# EXERCISE DETAILS:
Please give back, exactly as written, the lines from the line with "Softstyle testhez álló" to the line with "5-in-1 Magnetic Wireless" in the listing below, leaving out all pictures.

# STUDY MATERIAL:
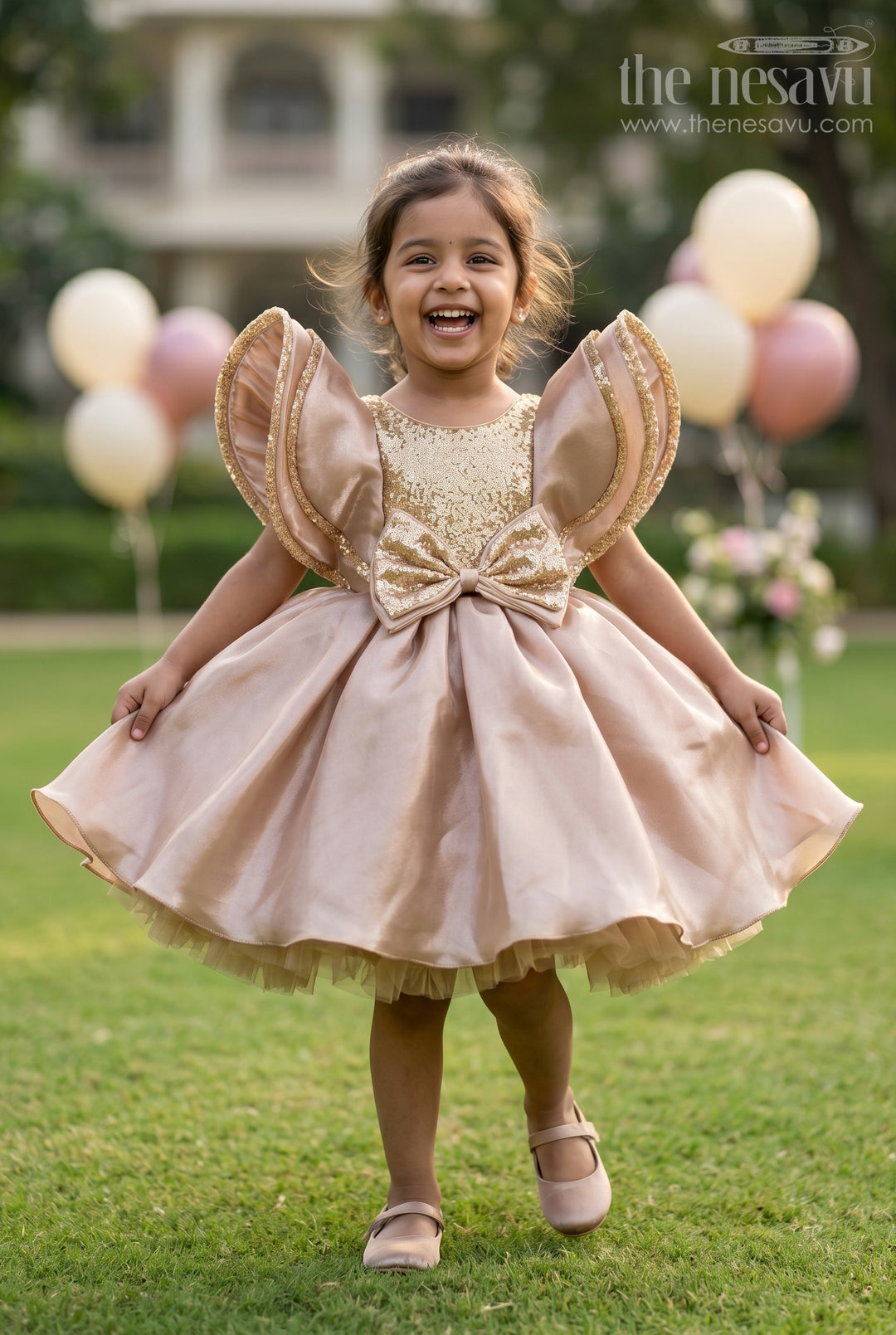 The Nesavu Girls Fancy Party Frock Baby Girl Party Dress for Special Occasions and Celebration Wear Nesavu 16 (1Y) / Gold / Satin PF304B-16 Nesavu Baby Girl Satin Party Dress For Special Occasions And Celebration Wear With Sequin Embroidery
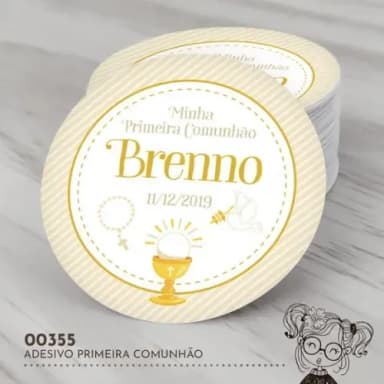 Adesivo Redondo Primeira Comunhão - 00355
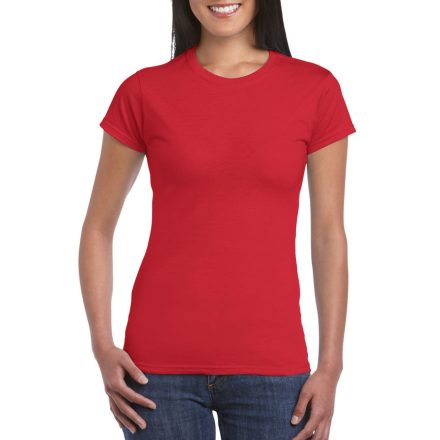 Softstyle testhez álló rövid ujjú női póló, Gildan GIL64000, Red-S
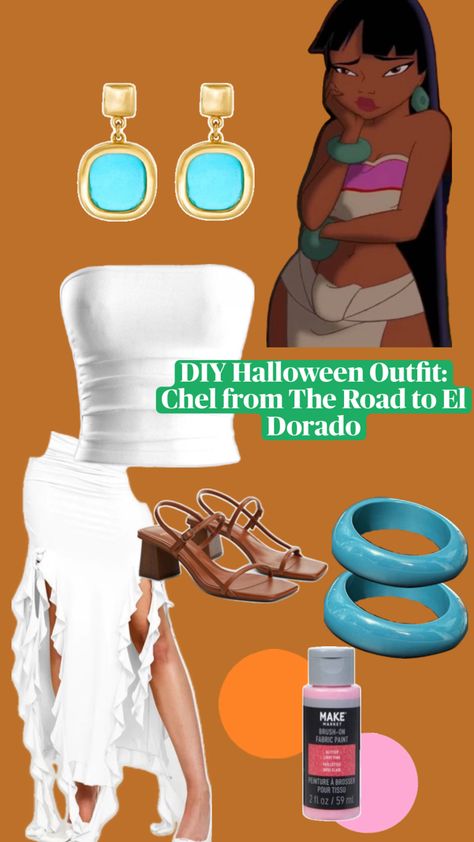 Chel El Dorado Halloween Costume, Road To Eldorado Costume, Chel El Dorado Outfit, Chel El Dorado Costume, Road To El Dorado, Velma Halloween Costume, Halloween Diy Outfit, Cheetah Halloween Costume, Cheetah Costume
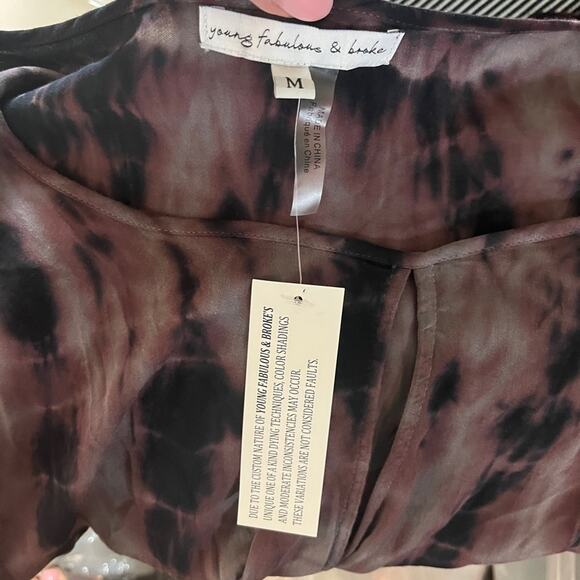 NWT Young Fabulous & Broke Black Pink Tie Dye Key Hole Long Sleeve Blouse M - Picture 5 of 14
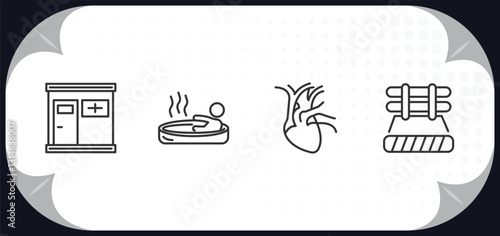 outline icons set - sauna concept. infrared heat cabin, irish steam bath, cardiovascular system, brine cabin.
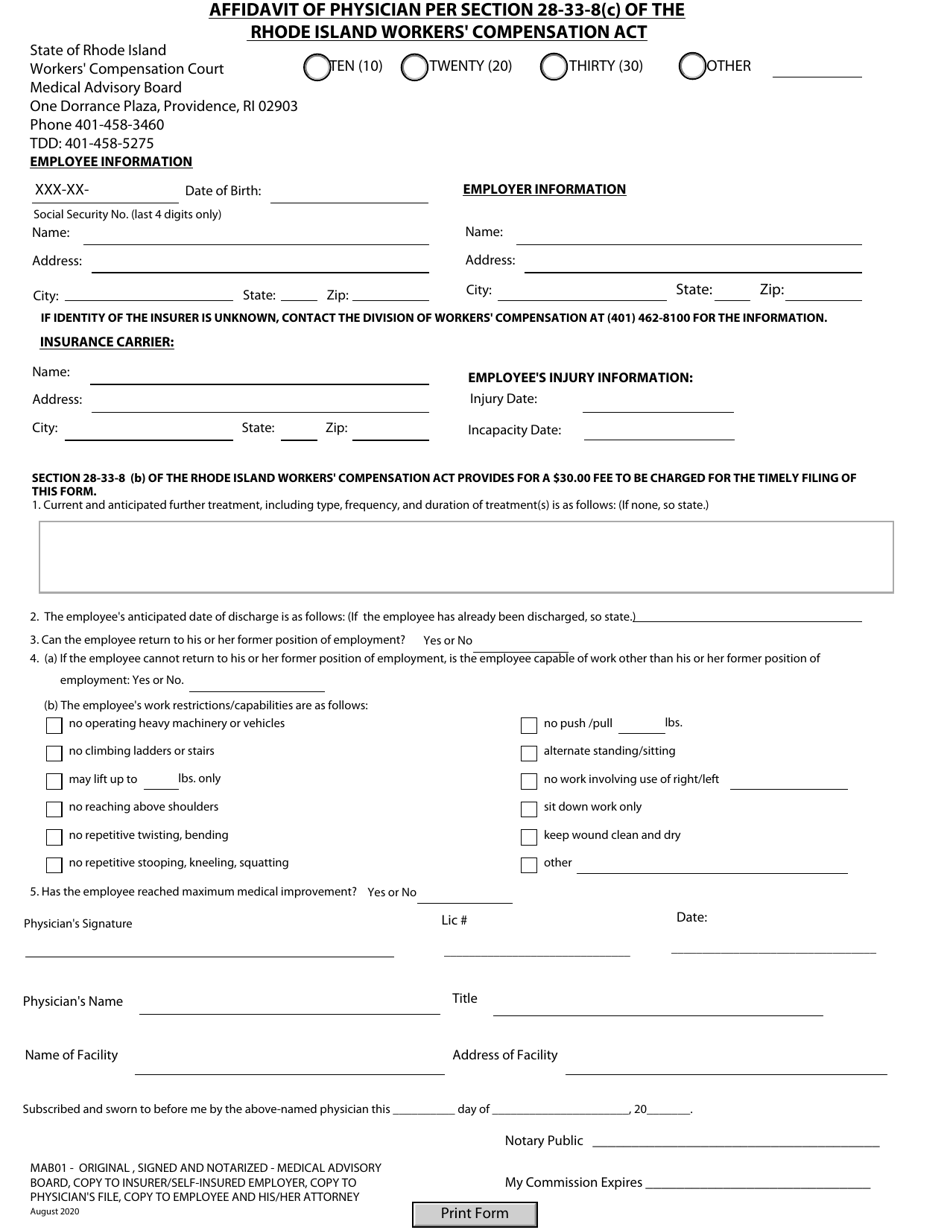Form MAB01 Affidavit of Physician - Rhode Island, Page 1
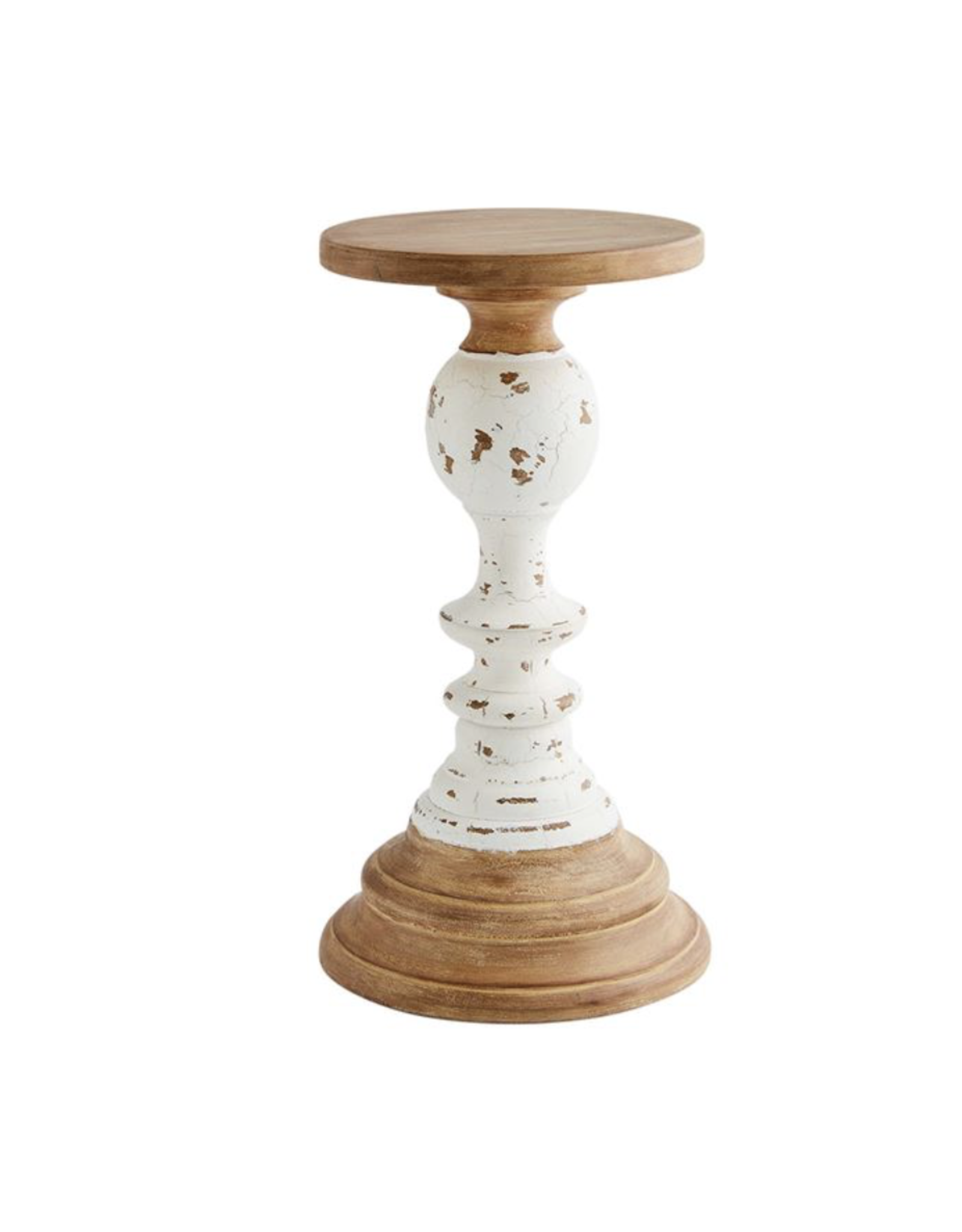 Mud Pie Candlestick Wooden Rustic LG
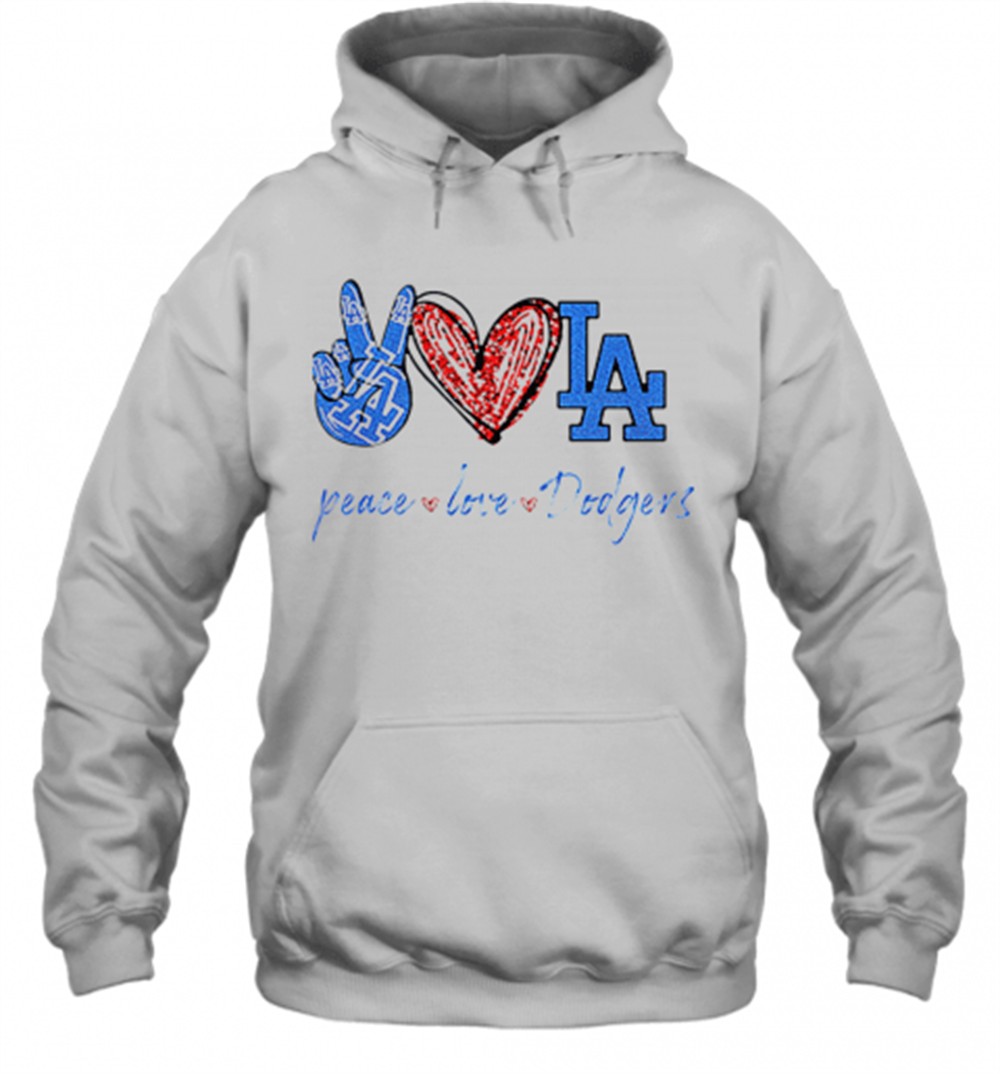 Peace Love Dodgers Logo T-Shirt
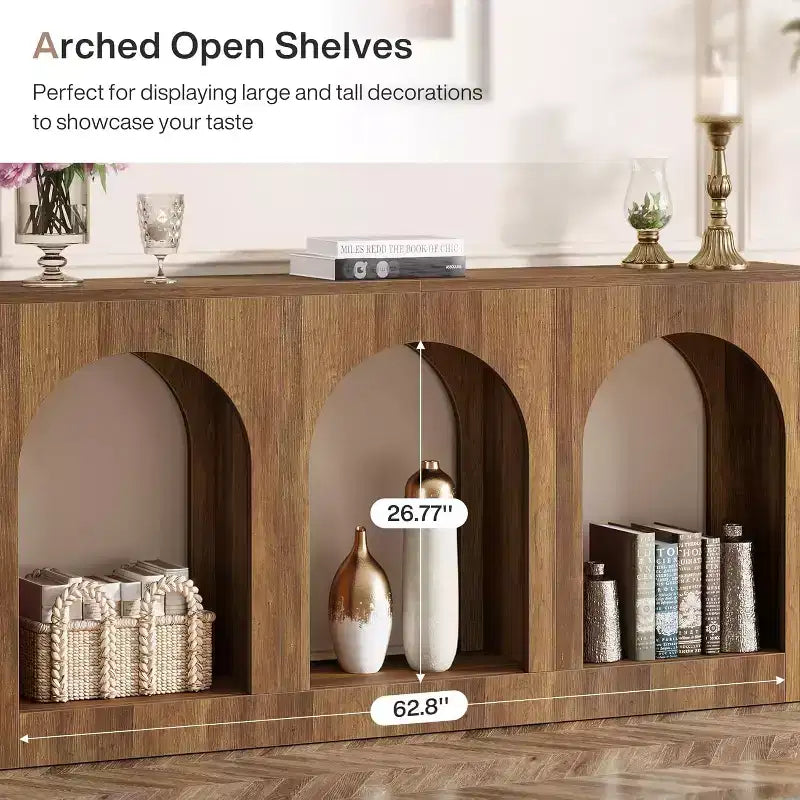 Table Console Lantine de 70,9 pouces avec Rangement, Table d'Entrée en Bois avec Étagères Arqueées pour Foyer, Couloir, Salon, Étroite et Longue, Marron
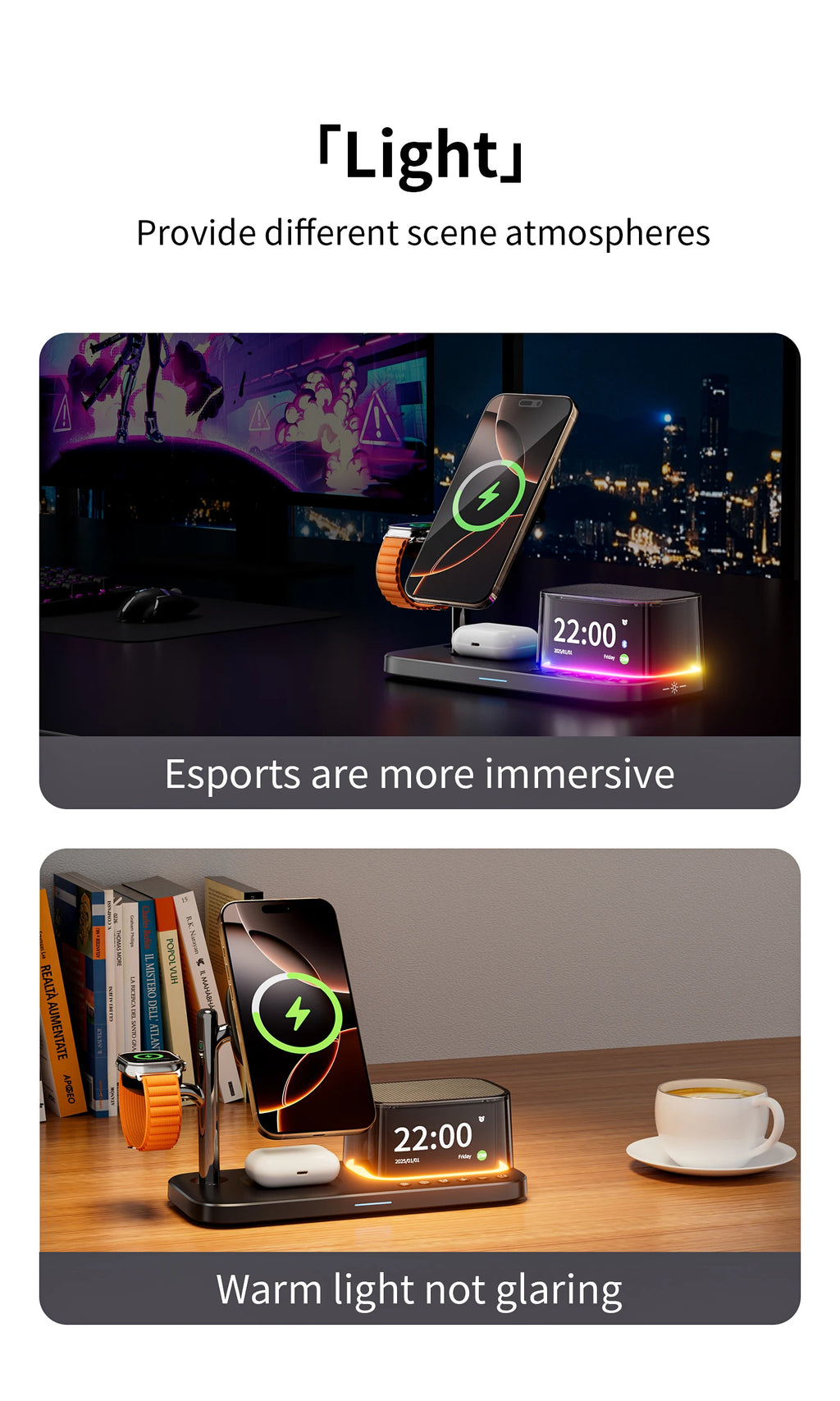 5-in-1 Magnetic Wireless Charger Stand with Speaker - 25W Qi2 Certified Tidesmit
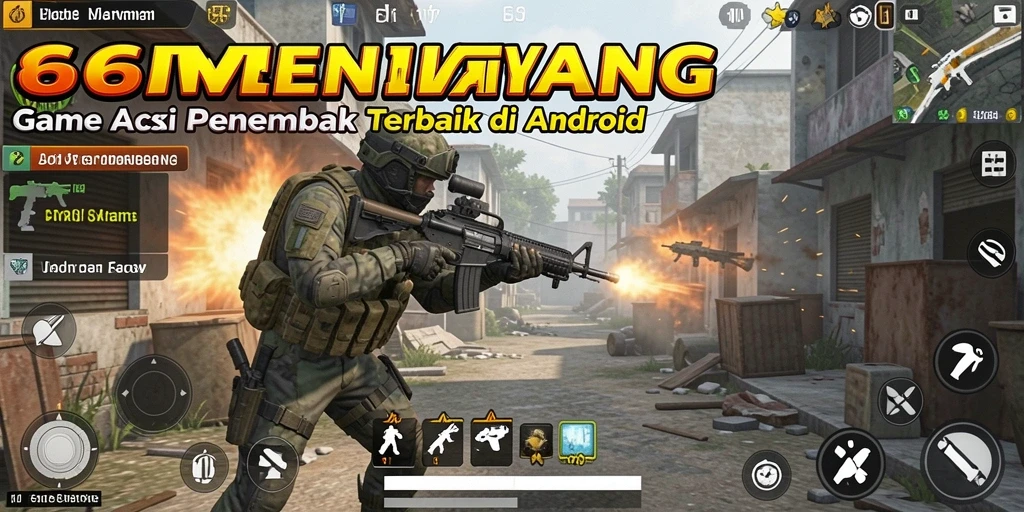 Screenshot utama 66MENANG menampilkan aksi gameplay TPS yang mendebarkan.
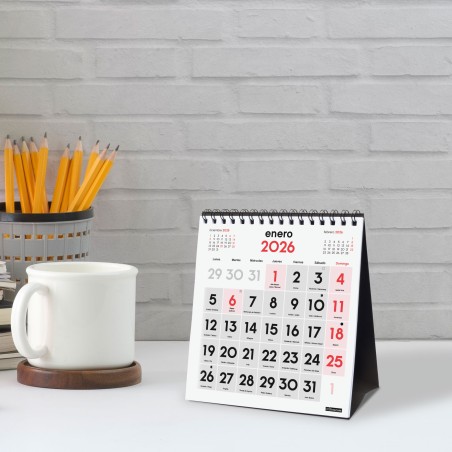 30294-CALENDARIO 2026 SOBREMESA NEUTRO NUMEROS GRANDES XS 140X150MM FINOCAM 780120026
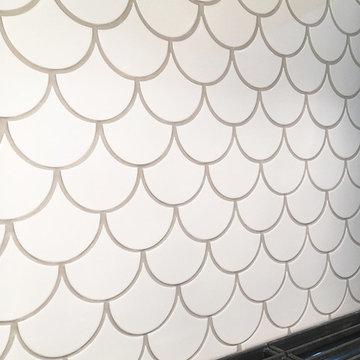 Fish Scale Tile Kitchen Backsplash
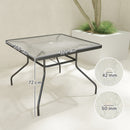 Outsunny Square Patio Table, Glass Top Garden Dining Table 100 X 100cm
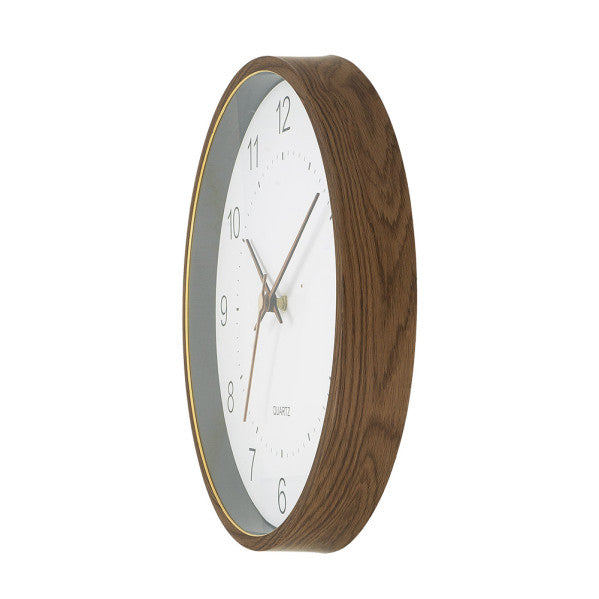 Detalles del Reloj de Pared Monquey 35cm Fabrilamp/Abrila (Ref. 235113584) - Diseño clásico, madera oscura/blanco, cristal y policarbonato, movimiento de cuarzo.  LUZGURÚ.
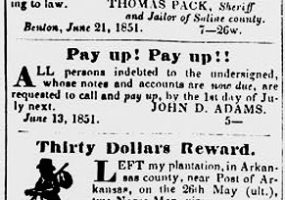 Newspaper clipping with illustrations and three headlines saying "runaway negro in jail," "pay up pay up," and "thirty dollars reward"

# EXERCISE SOLUTION:
 Softstyle testhez álló rövid ujjú női póló, Gildan GIL64000, Red-S
 Chel El Dorado Halloween Costume, Road To Eldorado Costume, Chel El Dorado Outfit, Chel El Dorado Costume, Road To El Dorado, Velma Halloween Costume, Halloween Diy Outfit, Cheetah Halloween Costume, Cheetah Costume
 NWT Young Fabulous & Broke Black Pink Tie Dye Key Hole Long Sleeve Blouse M - Picture 5 of 14
 outline icons set - sauna concept. infrared heat cabin, irish steam bath, cardiovascular system, brine cabin.
Form MAB01 Affidavit of Physician - Rhode Island, Page 1
 Mud Pie Candlestick Wooden Rustic LG
 Peace Love Dodgers Logo T-Shirt
 Table Console Lantine de 70,9 pouces avec Rangement, Table d'Entrée en Bois avec Étagères Arqueées pour Foyer, Couloir, Salon, Étroite et Longue, Marron
 5-in-1 Magnetic Wireless Charger Stand with Speaker - 25W Qi2 Certified Tidesmit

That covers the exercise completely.